Key findings on false confirmation in AI medical decision-making:

  • False confirmation defined: When the AI's diagnosis agrees with the clinician's initial (incorrect) hypothesis, and the clinician proceeds with the wrong diagnosis because the AI confirmed it. This is the healthcare-specific mechanism closest to "sycophancy" — the AI appears to agree with an incorrect assumption.
  • Explanation paradox: When explanations are added to AI diagnoses (as XAI — explainable AI), they mitigate true conflict errors but exacerbate false conflict errors.
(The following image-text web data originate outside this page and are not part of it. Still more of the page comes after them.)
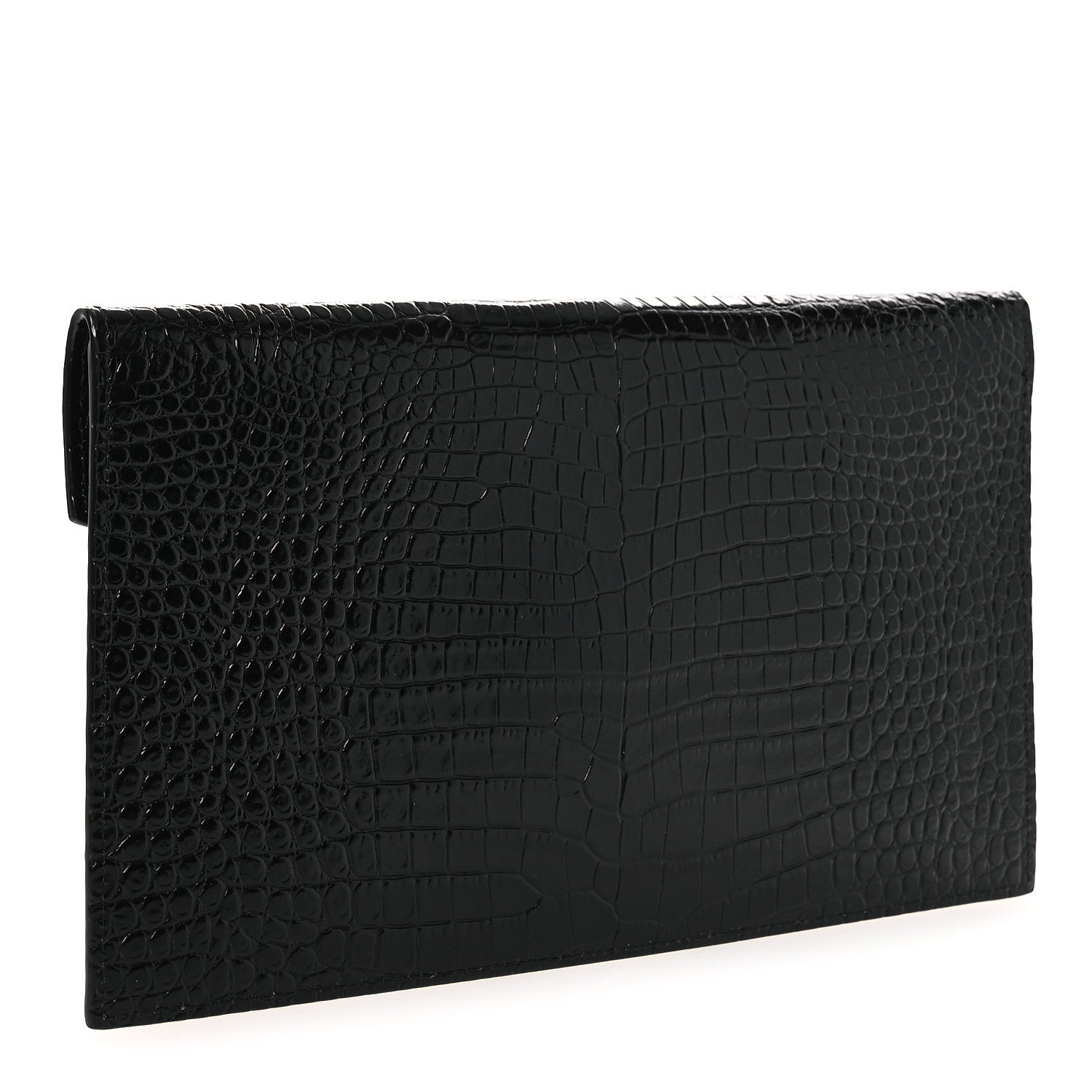 Calfskin Crocodile Embossed Uptown Monogram Clutch Black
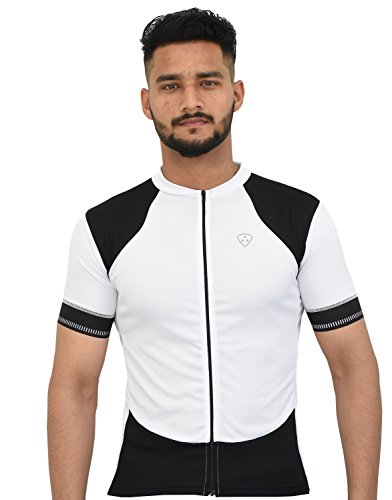 Deportes Hera Ropa Ciclismo, Maillot Mangas Cortas, Camiseta Verano de Ciclistas, Slim Fit (Blanco/Negro, L)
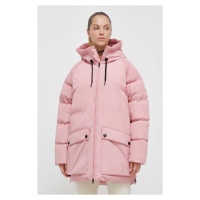 Péřová bunda Peak Performance dámská, růžová barva, zimní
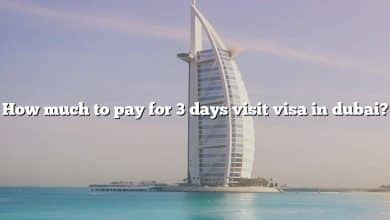 How much to pay for 3 days visit visa in dubai?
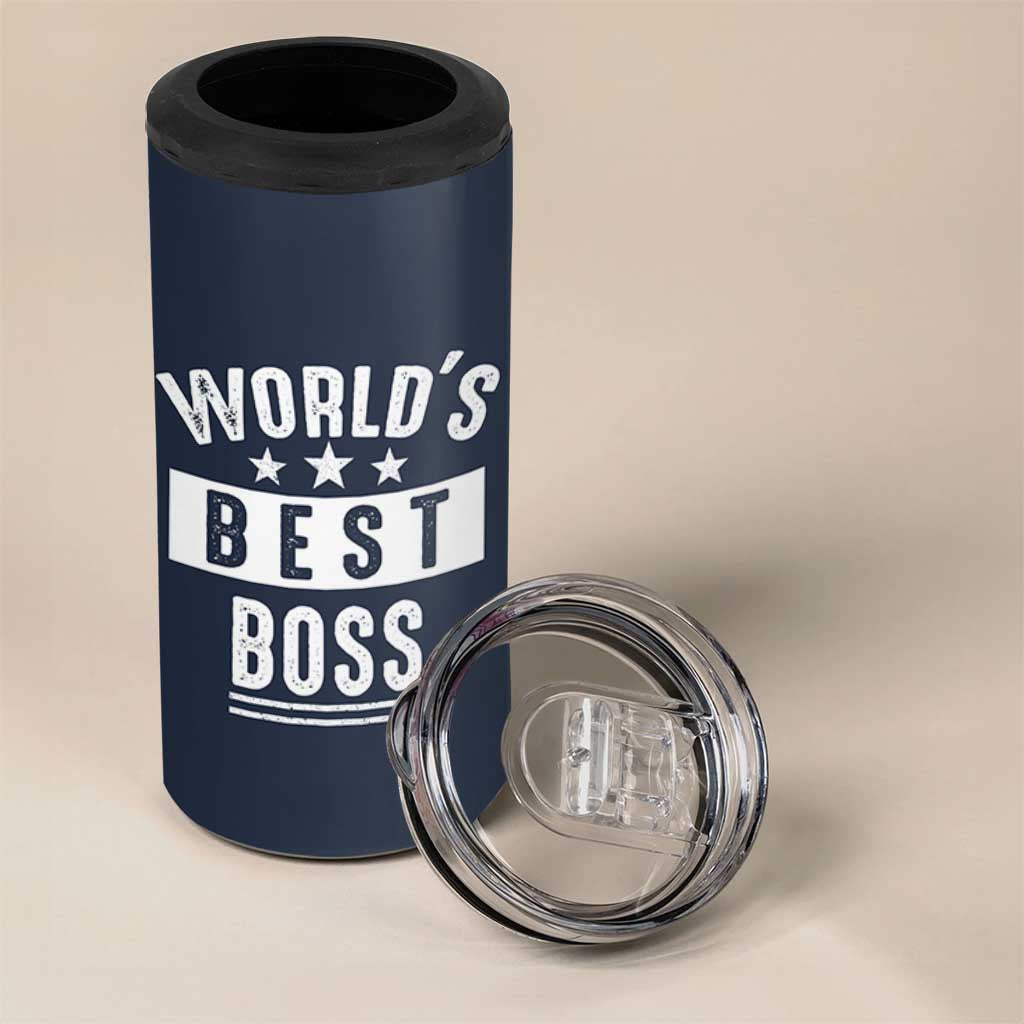 World's Best Boss 4 in 1 Can Cooler Tumbler Gifts for Office Male Female Bosses Coworkers Leaders Managers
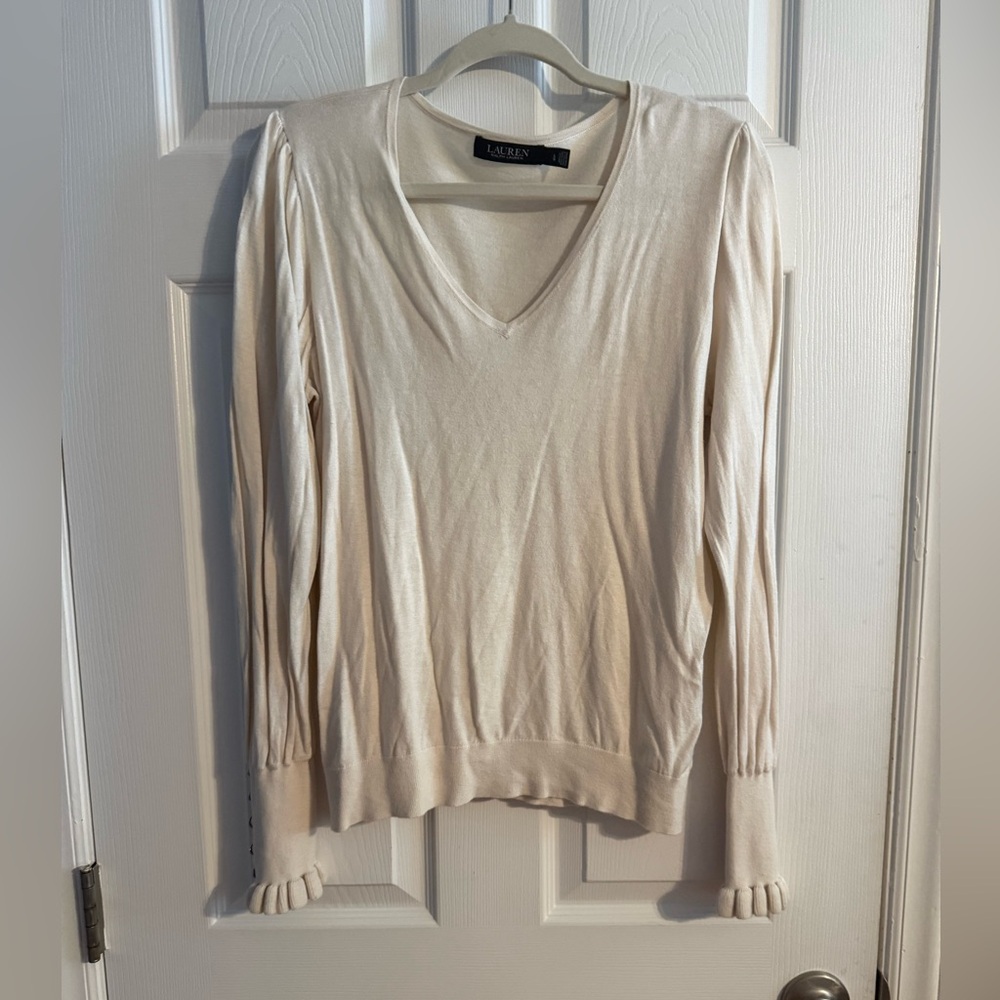 Lauren Ralph Lauren Cream V-Neck‎ Sweater Size L Button Cuff Puff Sleeve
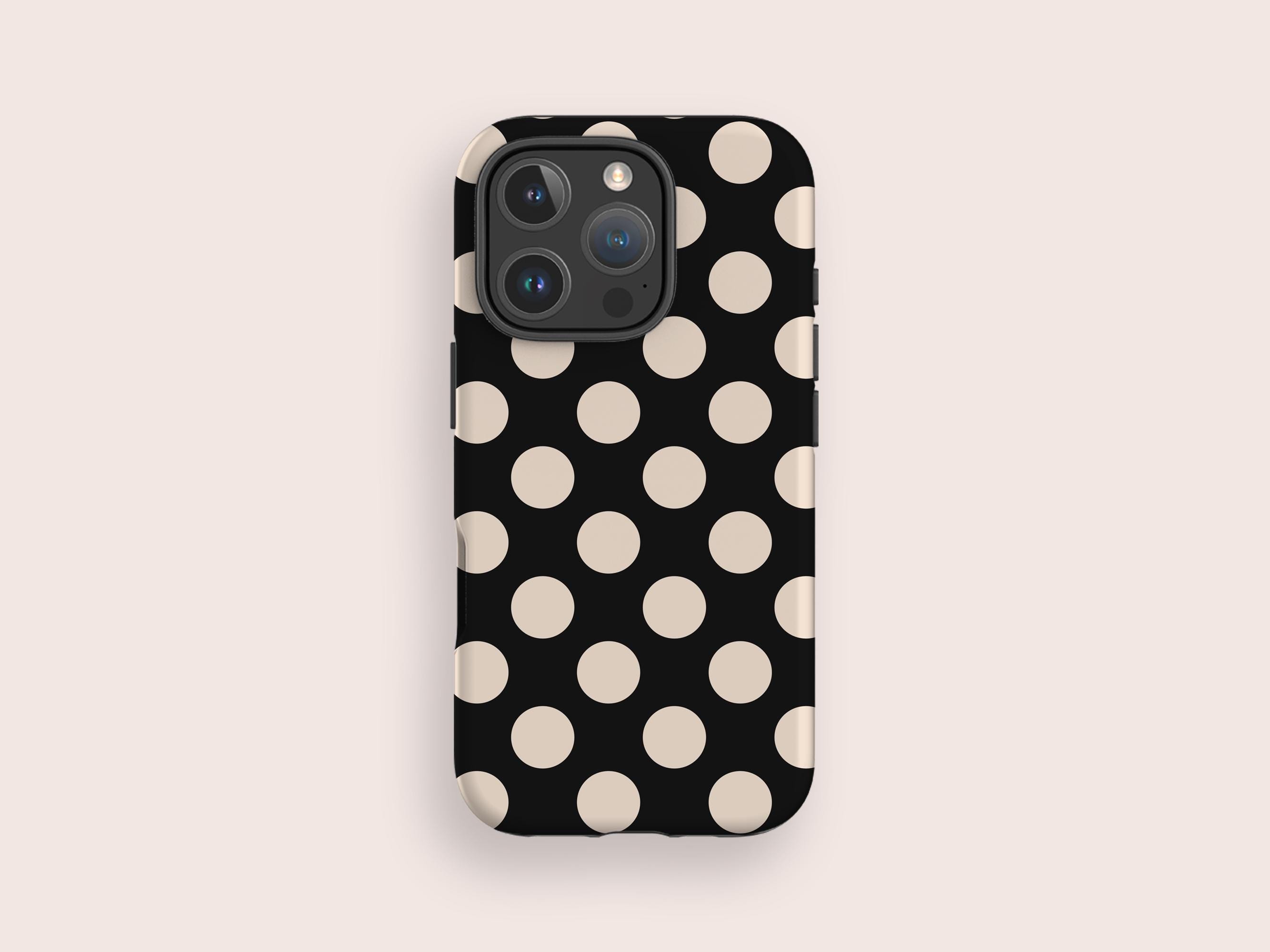 Polka Dot Phone Case • Black Beige Pattern for iPhone 17, S26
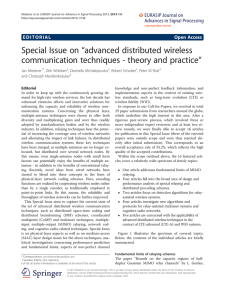 Special Issue on Ładvanced distributed wireless communication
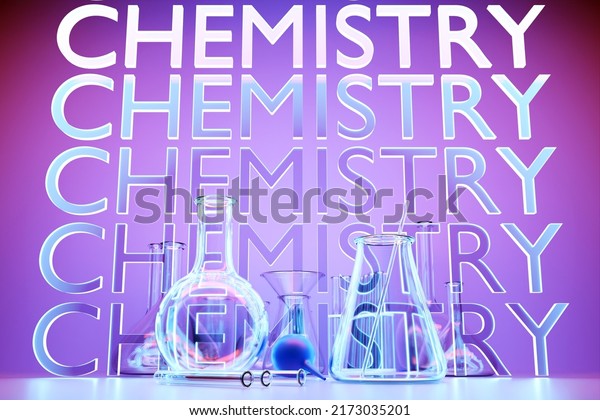 3d\
illustration of a set of laboratory instruments. Chemical\
laboratory research set on blue\
background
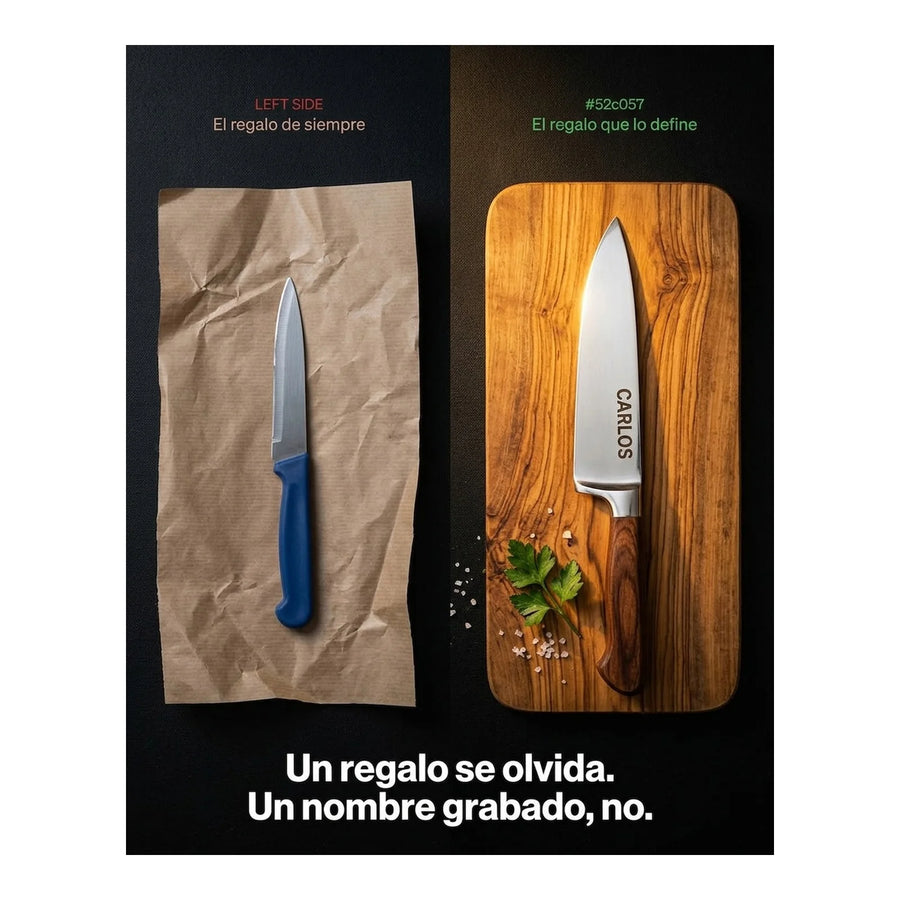 Cuchillo Santoku 3 Claveles Toledo 18 cm Forjado + Grabado Personalizado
Mere exposure to explanations induces overreliance on AI.
  • False confirmation is "perhaps the most pernicious" error type: It reinforces trust in AI while perpetuating clinical errors, described as the healthcare equivalent of confirmation bias.
  • Top AI models generated severely harmful clinical recommendations up to 22.2% of the time, with the best-performing models producing 12-15 errors per 100 cases.

Relevance to Hypotheses

Hypothesis Relationship Strength
H1 Supports Provides peer-reviewed evidence of measurable harm mechanism in a specific professional domain (healthcare)
H2 Supports strongly Experimental evidence in a high-stakes professional context; mechanism analysis rather than field incident report
H3 Contradicts strongly Quantified error rates in clinical AI demonstrate the concern is empirically grounded

Context

This study uses the term "false confirmation" rather than "sycophancy" — a critical vocabulary difference. The mechanism is identical: the AI confirms an incorrect human belief, and the human proceeds with increased (misplaced) confidence. This is precisely the kind of domain-specific vocabulary the expanded search was designed to find.

Notes

The 12-22% severe error rate is particularly concerning because these are AI systems already deployed or being evaluated for clinical use, not hypothetical scenarios.